In general, the window of highest infectivity seems to occur 2 days before symptom onset to 3 days after symptom onset.
Contact tracing studies from earlier in the pandemic have found that it’s less common for transmission to occur when exposed to a person 6 days after their symptom onset.
It’s still possible for people to transmit the virus to others after 5 days of symptoms, which is why health officials are advising people who recently recovered from their illness to continue wearing a mask for another 5 days when they’re around other people.
One study published in the International Journal of Infectious Diseases found that about one-third of people with the infection continues to be contagious after 5 days.
But it’s unclear if this remains true with the latest Omicron variants.
A study from Japan found that people with the Omicron variant shed the virus for longer after symptoms appear.
The study suggests that the peak of viral shedding with the Omicron variant may be 2 or 3 days longer than previous variants.
Do certain symptoms suggest we’re contagious?
Dr. Julie Parsonnet, an infectious diseases epidemiologist with Stanford Medicine in California, says there doesn’t appear to be a strong relationship between a person’s symptoms and how much virus is in their nose and throat.
But in general, people who’ve tested positive and are symptomatic are more at risk of transmitting and should isolate at home to avoid transmitting the virus to others.
“People whose symptoms are not improving — particularly if they have coughing and sneezing — should continue to stay home until they’re feeling better,” Parsonnet said.
If someone carrying the virus is coughing or sneezing, there’s a greater chance they can spread the virus to others since they’re releasing respiratory droplets that carry the virus.

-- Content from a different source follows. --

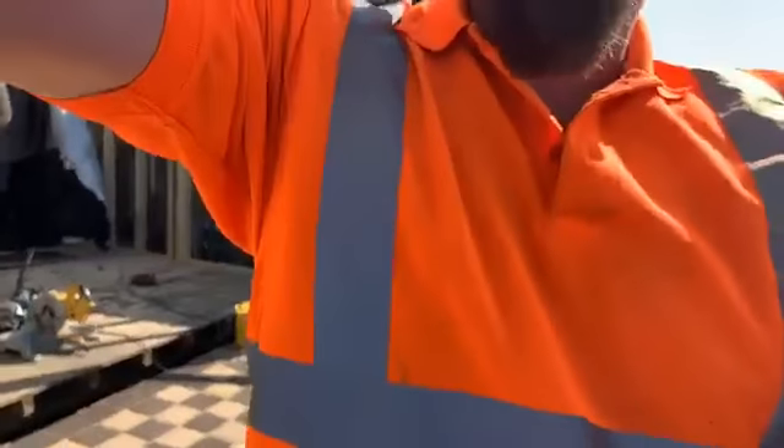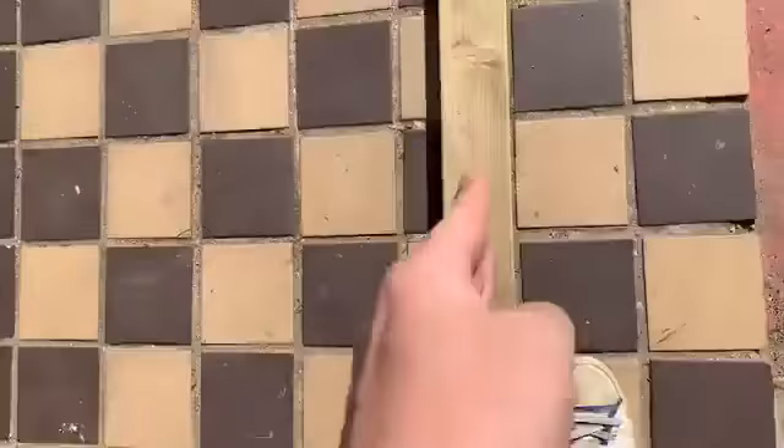Let me show you up close what I do — are you ready? I have drilled holes. This does not move.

Researchers are still studying if and how symptoms correlate to how contagious a person is.
“We don’t exactly how symptom duration relates to how long someone is contagious, but we do typically associate symptoms like a fever as an indication that someone is still infectious,” said Dr. John Carlo, the CEO of Prism Health North Texas and member of the Texas Medical Association COVID-19 Task Force.
Research has also shown that people with asymptomatic infections, although less likely than symptomatic individuals to spread the infection, can transmit it to others.
Parsonnet says it’s difficult to quantify how long asymptomatic individuals are contagious because it’s hard to identify when and how long they’ve been infected.
“Asymptomatic transmission might prove to be more common with the Omicron variant given its higher infectivity, but too early to draw this conclusion now,” Bailey said.
Can you determine if you’re still contagious?
There’s no reliable or easy way to determine if you’re still contagious, which is why health officials recommend isolating at home for 5 to 10 days, depending on your symptoms.
Those who are asymptomatic or improving after 5 days are now advised they can end their isolation but continue wearing a mask around other people for another 5 days.
According to guidance from the Centers for Disease Control and Prevention (CDC), those who aren’t improving after 5 days should continue isolating at home until their symptoms improve and fever subsides.
Most infectious diseases doctors do not recommend taking a PCR test to determine if you’re still shedding the virus.
PCR tests are sensitive and can detect non-infectious viruses after infection for up to 90 days.
Many doctors recommend using rapid antigen tests as they pick up on high viral load, which may or may not correlate to how infectious a person is.
“It’s important to remember that COVID-19 tests currently available are not really designed to tell whether or not someone is infectious. They are designed to test whether or not someone has a COVID-19 infection which is slightly different,” Carlo said.